KABYLIE
Posté le 01.07.2008 par abdoumenfloyd
Des journalistes à la conquête de l'eldorado du Golf, mènent une guerre médiatique contre la Kabylie
La crise chronique, l'ignorance, le manque de confiance en soi, l'entêtement à chercher un bouc-émissaire, font agiter les Algériens à se montrer plus Arabes que les Arabes et plus musulmans que d'autres musulmans. Cette fuite en avant est une compensation pour justifier leur échec à se placer sur l'échiquier du monde moderne.
Les sociologues, les psychologues et pédagogues ont du retard à se pencher sur ce sujet pour éviter les échecs répétitifs qui terrassent l'Algérie. Le sentiment religion est devenu un commerce destiné à alimenter ce malaise, sous prétexte de protéger l'islam de la propagande évangélique.
Ces derniers temps, on assiste à une campagne sans précédant qui vise la Kabylie, elle est menée par certains cercles du pouvoir et journaux arabophones, en l'occurrence
Echoourk El yawmi. Ce journal ne se contente pas d'informer, il excelle dans le maquillage des faits pour en faire des événements, une fiction.

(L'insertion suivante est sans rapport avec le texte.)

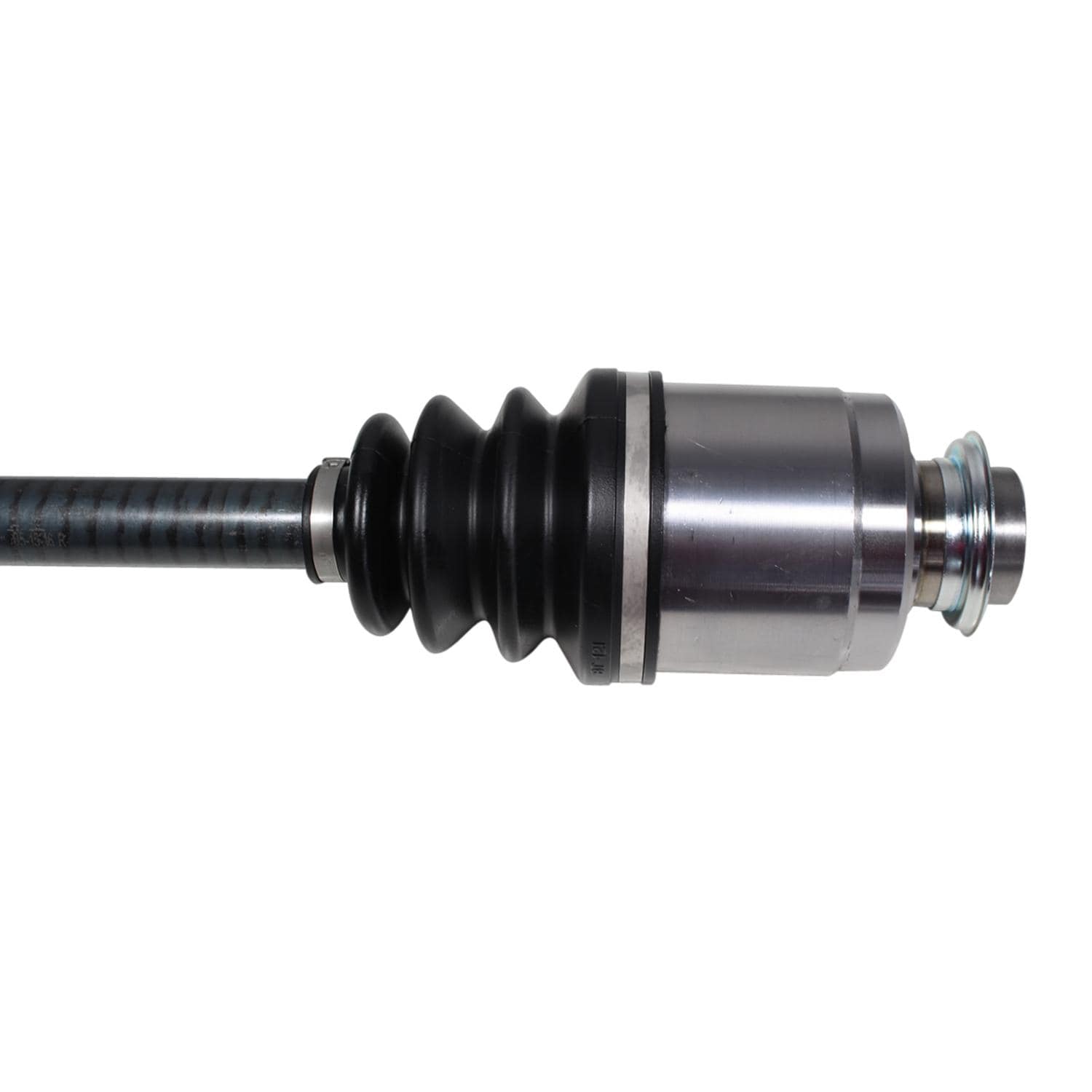 GSP CV Axle Assembly NCV36519 | AutoZone
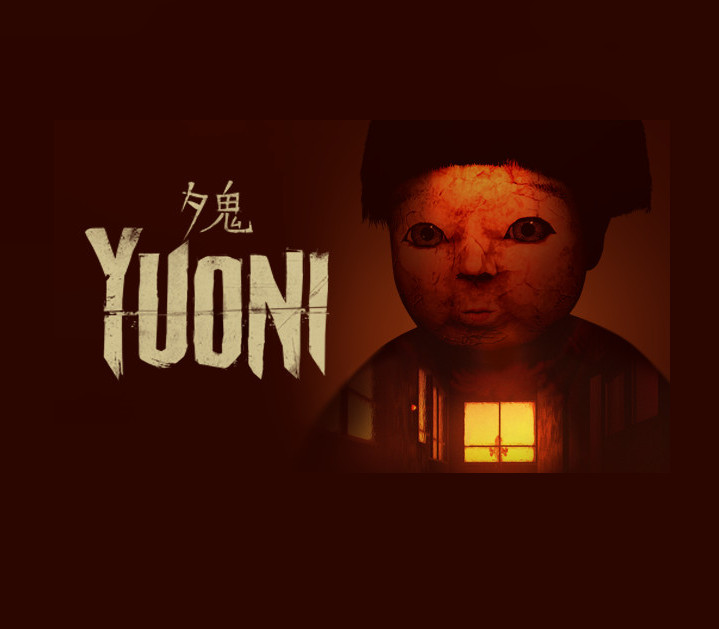 Yuoni AR XBOX One / Xbox Series X|S Ключ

Ignacio Ramonet, dans son livre Tyrannie de la communication qualifie les médias, d'outils au service des lobbies. Il explique comment l'information est souvent vidée de sa substance pour détourner les peuples de leurs vrais problèmes et devant la dérive d'Echourouk, je m'efforce à ne citer que deux titres parmi une armada d'articles qui frisent le ridicule.
-« 70 millions de centimes pour les prédicateurs, 1000 DA et des visas pour chaque personne qui met les pieds dans une église » était le titre de l'enquête menée par Fadhila Mokhtari dans un lieu de prêche d'Ighil Ali dans l'édition du 29.03.2008. Celle-ci est devenue par le temps, l'instigatrice de cette campagne de dénigrement à des objectifs inavoués.
- « Les sécessionnistes mené par Ferhat Mhenni ont transformé le chanteur Matoub en prophète » de la plume Hassan Zizi édition 02.04.2008.
Les kabyles auraient aimé que ce journal vienne nous expliquer, quel est la part des Kabyles dans les projets de développement ? L'autoroute Est-Ouest en est l'exemple frappant, elle contourne la Kabylie pour la soustraire de toute politique de développement et du reste de l'Algérie.
On parle rarement de la corruption, du trafique frontalier, du détournement des bourses diplomatiques, des familles privilégiées qui prennent l'avion, juste, pour faire des commissions en Suisse avec l'argent du pétrole…On a le droit de se demander pourquoi cette focalisation sur une région, alors que, ce n'est pas les sujets brulants qui manquent.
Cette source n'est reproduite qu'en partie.